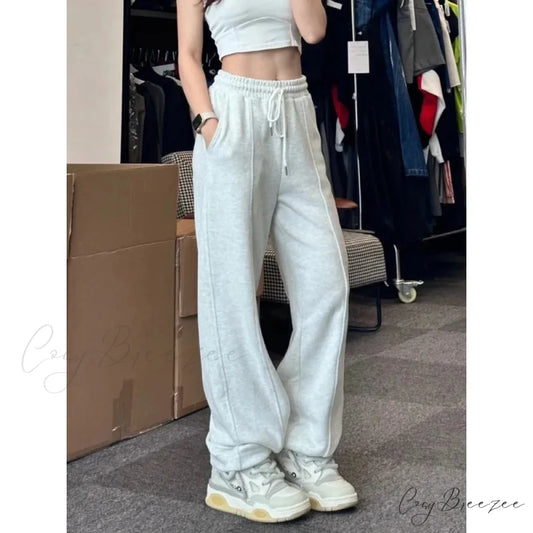Basic Grey Knit Jogger Pants white / S pants-241228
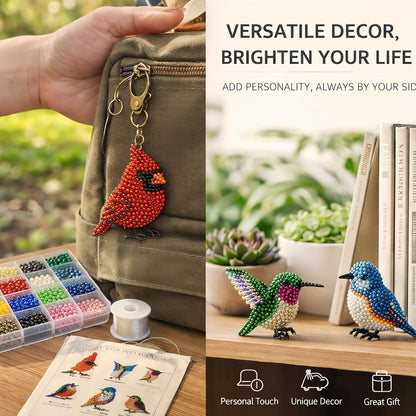3D Perlentiere Bastelset Vogel – Kreatives DIY Kit für Erwachsene & Kinder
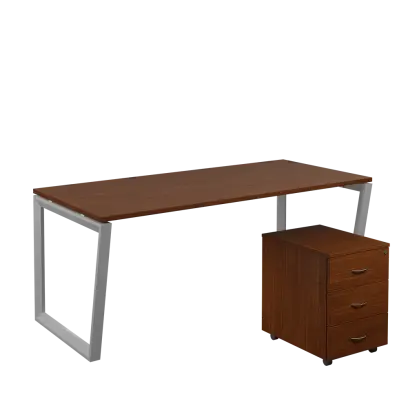 SET-V 388 stůl kancelářský, kovová podnož stříbrná + kontejner pojízdný, 3-zásuvkový, ořech královský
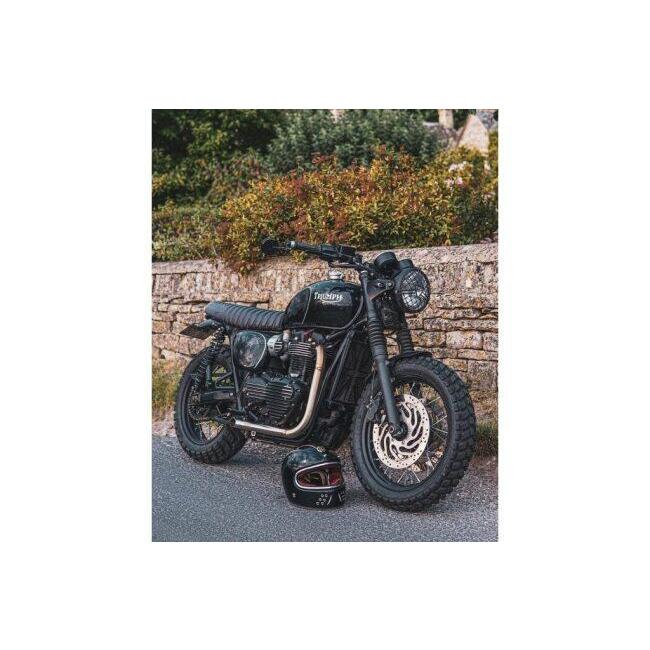 Motone Customs モートーンカスタムズ スプロケットカバー リブ カラー：ブラック／ポリッシュ BONNEVILLE T100 T120 SCRAMBLER 900 SPEED TWIN STREET CUPの画像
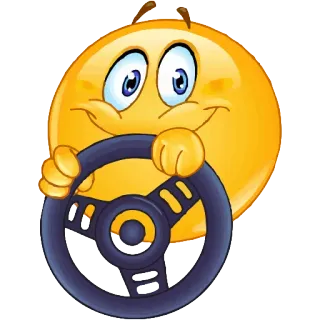 🚙 Emoji, Fahren, Lenkrad, Gelb, Gesicht telegram sticker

TRY IT: The answer must be the full listing above, copied exactly, with no pictures in it.

WRITTEN ANSWER:
Basic Grey Knit Jogger Pants white / S pants-241228
3D Perlentiere Bastelset Vogel – Kreatives DIY Kit für Erwachsene & Kinder
 SET-V 388 stůl kancelářský, kovová podnož stříbrná + kontejner pojízdný, 3-zásuvkový, ořech královský
 Motone Customs モートーンカスタムズ スプロケットカバー リブ カラー：ブラック／ポリッシュ BONNEVILLE T100 T120 SCRAMBLER 900 SPEED TWIN STREET CUPの画像
 🚙 Emoji, Fahren, Lenkrad, Gelb, Gesicht telegram sticker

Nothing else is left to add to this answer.